Drinks including water, soda, beer and wine sold in glass bottles contain more microplastics than those in plastic bottles, according to a surprising study released by France's food safety agency Friday.
Researchers have detected the tiny, mostly invisible pieces of plastic throughout the world, from in the air we breathe to the food we eat, as well as riddled throughout human bodies.
There is still no direct evidence that this preponderance of plastic is harmful to human health, but a burgeoning field of research is aiming to measure its spread.
Guillaume Duflos, research director at French food safety agency ANSES, told AFP the team sought to "investigate the quantity of microplastics in different types of drinks sold in France and examine the impact different containers can have".
The researchers found an average of around 100 microplastic particles per litre in glass bottles of soft drinks, lemonade, iced tea and beer. That was five to 50 times higher than the rate detected in plastic bottles or metal cans.
"We expected the opposite result," PhD student Iseline Chaib, who conducted the research, told AFP.
"We then noticed that in the glass, the particles emerging from the samples were the same shape, colour and polymer composition -- so therefore the same plastic -- as the paint on the outside of the caps that seal the glass bottles," she said.
The paint on the caps also had "tiny scratches, invisible to the naked eye, probably due to friction between the caps when there were stored," the agency said in a statement.

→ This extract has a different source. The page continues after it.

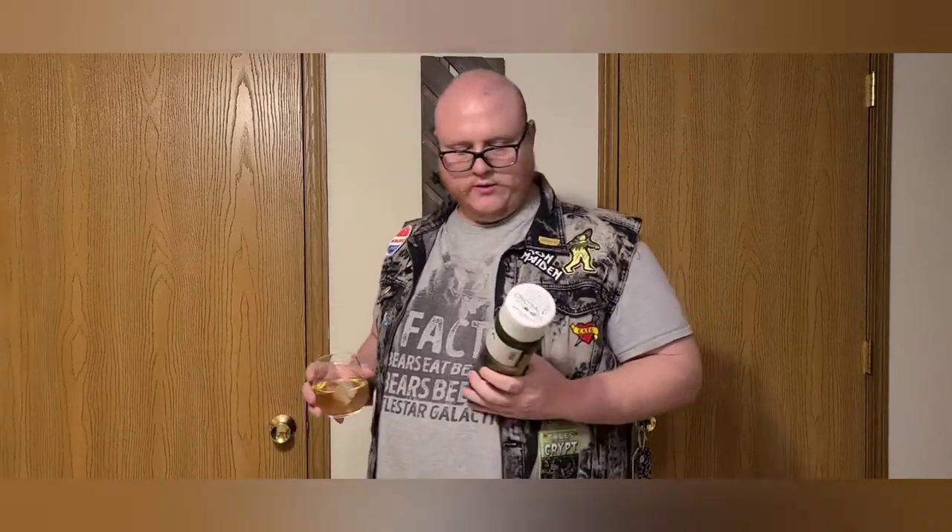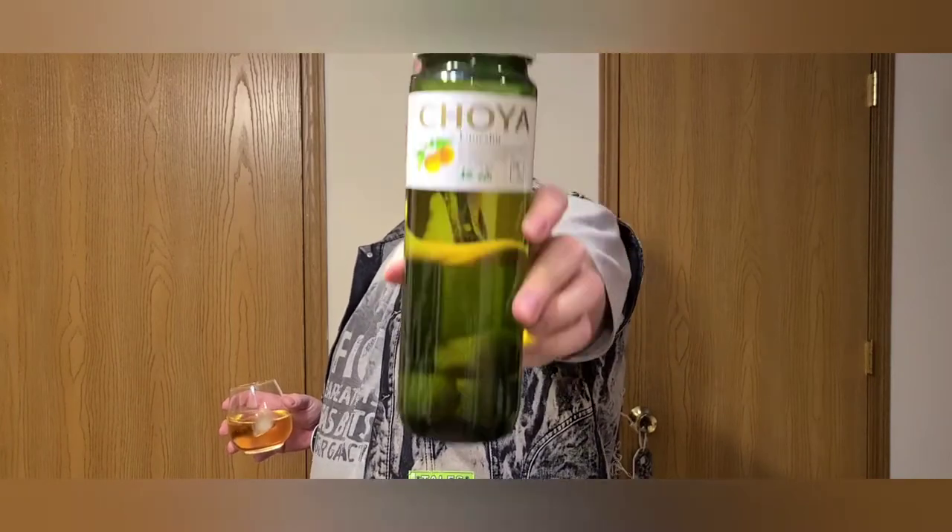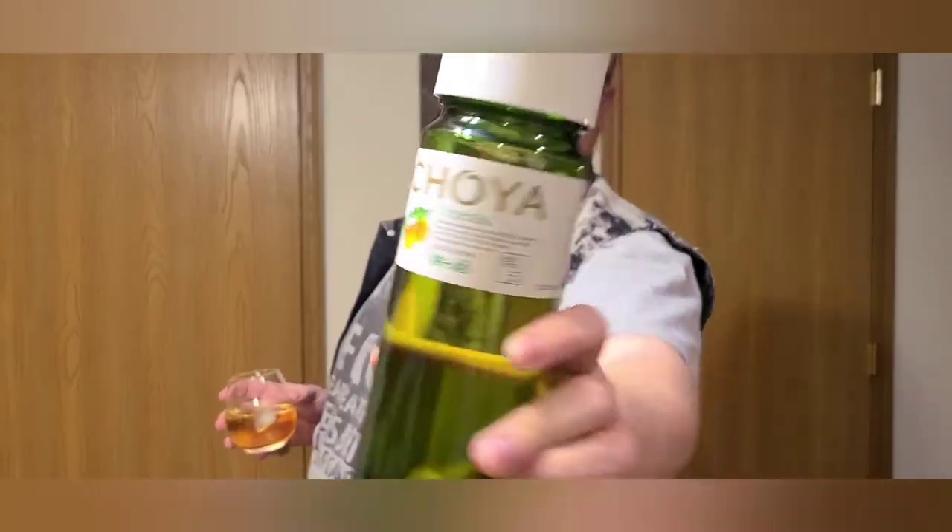Today we are reviewing Choya — there's a little thing that breaks it down so I don't screw it up too bad — Umeshu Plum Wine. This is pretty cool. This actually has, and you might be able to see it, little plums in the wine. It's a really cool bottle.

This could then "release particles onto the surface of the caps", it added.
- Wine fine -
For water, both flat and sparkling, the amount of microplastic was relatively low in all cases, ranging from 4.5 particles per litre in glass bottles to 1.6 particles in plastic.

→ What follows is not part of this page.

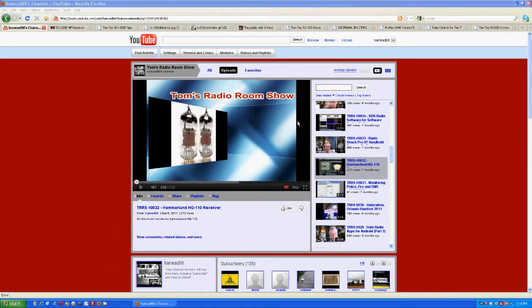Hello, my name is Tom Stiles and this is Tom's Radio Room Show number 49. Here I'm showing you my YouTube channel where I upload and store my videos for your entertainment.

Wine also contained few microplastics -- even glass bottles with caps. Duflos said the reason for this discrepancy "remains to be explained".

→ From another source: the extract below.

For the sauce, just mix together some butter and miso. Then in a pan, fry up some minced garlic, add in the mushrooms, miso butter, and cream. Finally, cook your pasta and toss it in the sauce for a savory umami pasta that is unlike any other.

Soft drinks however contained around 30 microplastics per litre, lemonade 40 and beer around 60.
Because there is no reference level for a potentially toxic amount of microplastics, it was not possible to say whether these figures represent a health risk, ANSES said.
But drink manufacturers could easily reduce the amount of microplastics shed by bottle caps, it added.
The agency tested a cleaning method involving blowing the caps with air, then rinsing them with water and alcohol, which reduced contamination by 60 percent.
The study released by ANSES was published online in the Journal of Food Composition and Analysis last month.